Many universities aren't just about academics though. They wouldn't have things like, say, theatre clubs if they were. At some level, universities are about helping to prepare young people for life and a career. Certainly a lot of what I got out of the various degrees I obtained had very little to do with specific courses I took.
Yes, different clubs are common and beneficial, and there's a lot of growing taking place during your uni years. But the parent was linking to professional actors, and I fail to see any relation there. The topic wasn't about admissions to theatrical majors in art universities.
I would much rather learn from somebody who has done it professionally at a very high level than some academic (or worse, a wannabe academic) who is all theory and no results.
You see no value to taking a music theory class with a platinum artist in your discussions on song structure? Or maybe the rock star wants to expand his horizons a bit and is also in your Ethics class discussing the effect of Napster on his ability to afford tuition. Or maybe he sits next to you in Econ and wants to use his experience in the music biz as the basis for your group project. etc, etc...
Forget the exam nerds, I'll take the real players every time. YMMV
I'm all for rock stars expanding their horizons if they score better than those nerds. Though the education is even in that case likely better invested in the student aiming to get a career in the field, rather than in a rock star's recreational studies.
The "real players" could also visit as guest lecturers on your music theory class, assuming they have good enough merits on the subject.

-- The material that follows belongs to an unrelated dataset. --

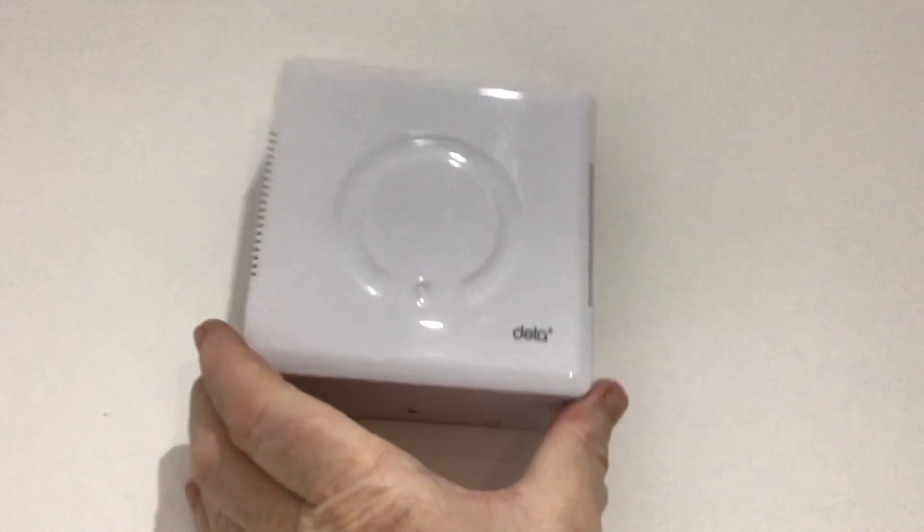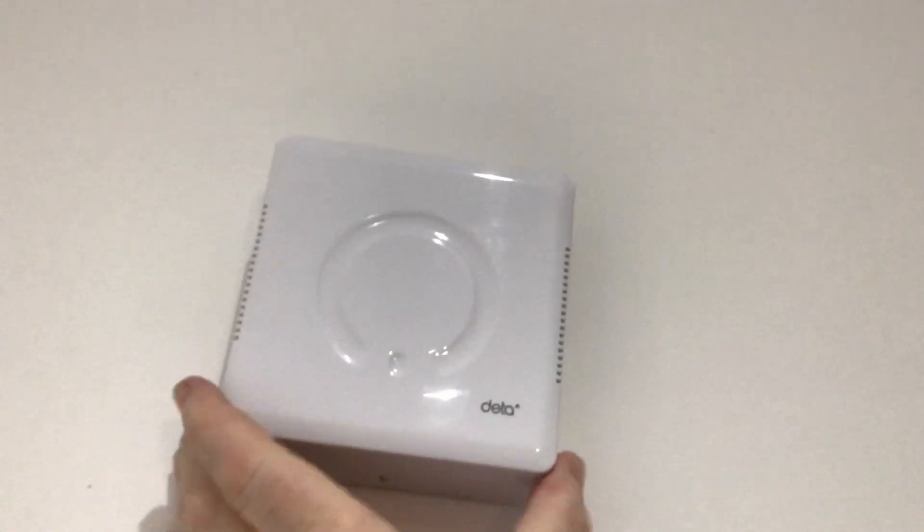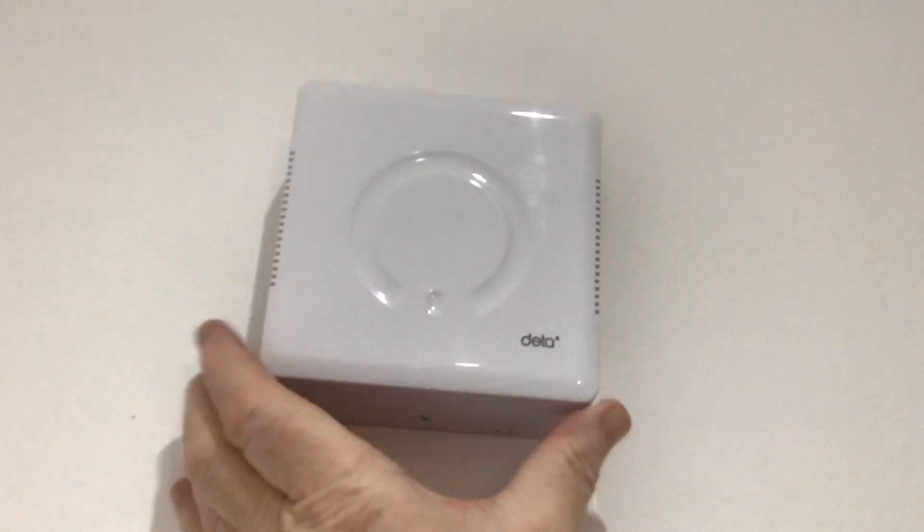Attention to detail is just lacking. The electrician hasn't screwed the bell box back properly — crackers. That needs sorting.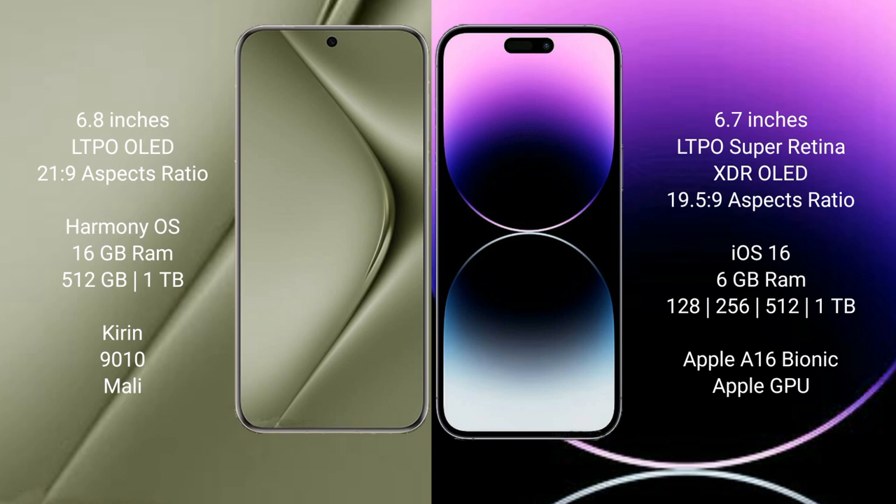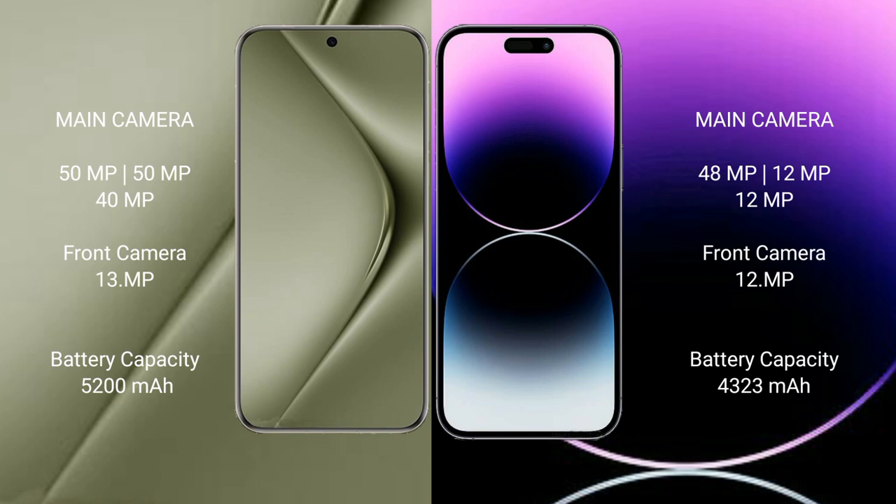The Huawei Pura 70 Ultra also features a Mali GPU. The iPhone 14 Pro Max comes with 6 GB of RAM and 128 GB, 256 GB, 512 GB, or 1 TB internal storage, powered by the Apple A16 Bionic processor and Apple Graphics GPU.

At least a couple of them were English Lit majors. But I don't really disagree that well-known actors who attended university off and on are really the best examples.
That said, you might be surprised at the number of people who even go to a school like MIT and end up in journalism or something else that isn't obviously related to what you associate the school with.
>Why should your extracurricular hobbies or "you as a person" matter?
They certainly do at elite US schools. The logic is that there's no shortage of students who could handle the academic work but Harvard or even MIT aren't looking just to admit the students who did best on an exam.
Added: The way it at least used to be done (and I assume this still applies at least somewhat) was that quantitative academic scores are used to set something of a floor but, beyond that, they were just one of the factors that went into admissions decisions. (With weights and other considerations doubtless varying by school.)
My understanding is AP test results are usually used to grant credit for college classes, and not as an admission requirement? I guess it could be a factor in admissions, too, but I recall mostly people doing it to get a bit of a head start towards graduation, rather than to get a better shot at admission. (People passing AP tests are likely to get in _somewhere_, even if not their first choice)
What do you take issue with? The first two are clearly factual. AP tests are limited to a single subject and are 2-3 hours in length.
My comment on grading is also pretty objective, imo. Your AP score is 1-5. And the curve is crazy; when I took AP Physics C E&M I would have gotten a 5 whether I scored 60% or 100%. When reported, though, nobody will know what percentage of the points you scored. OTOH gaokao scores are reported in full.